Si sa rareté et son ancienneté déterminent sa valeur commerciale, choisir un tapis tribal suppose toujours d’avoir recours à la plus grande subjectivité, "je ne dis jamais à un visiteur que celui-ci ou celui-là est beau, ou pas cher", explique l’expert, "et je dis toujours que je ne vends pas des tapis, mais que j’essaie de les faire acheter".
Thomas Chikh
Gabbeh de Kuhgiluyeh. Luristan (Ouest de l’Iran) - début 20e siècle – 113x160 cm - Ce n’est pas la peine de passer par toutes les écoles artistiques pour arriver à la pureté du graphisme moderne que traduit cette pièce exécutée principalement à l’aide de laines non teintes.
Gabbeh (tapis matelas) des tribus Luri (montagnes de Zagros - circa 1935 - 111x183cm - Si le décor de ce tapis n’est pas commun et s’il traduit une grande créativité et une audacieuse attraction visuelle, son sujet est vécu par les tribus au quotidien et la complicité de leur existence est mutuelle.

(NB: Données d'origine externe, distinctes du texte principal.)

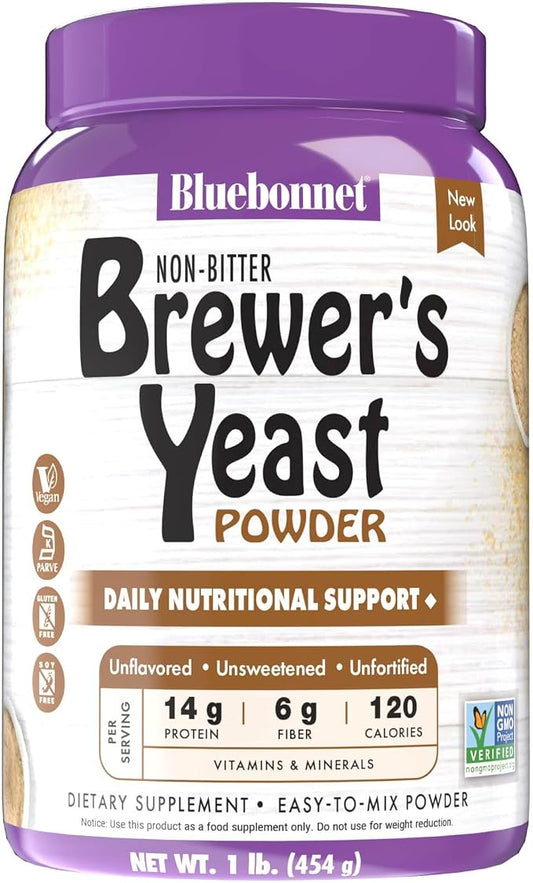 Bluebonnet Nutrition Super Earth Brewers Yeast Powder, Super Food, Whole Food, Source for Vitamins, Great Tasting, Vegan, Vegetarian, Non GMO, Gluten Free, Soy Free, Milk Free, Kosher, 1 lb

Kude (nord ouest de la Perse) - Début 20e siècle - Le charme de ce tapis réside dans la chaleur des couleurs et dans les motifs mis en évidence en paire dans le champ central. Ce qui attire le plus l’attention sont les deux figures humaines au narguilé. Le spectateur lui n’a pas besoin d’opium pour s’extasier.
Baluch Afgan, (Ouest de l’Afghanistan) circa 1800, 82x141 cm - Ce tapis largement antique est non seulement rare par son âge mais surtout par le fait qu’il n’a a l’origine pas été commercialisé et n’a donc pas eu la chance d’être aussi bien conservé que les pièces rurales ou urbaines.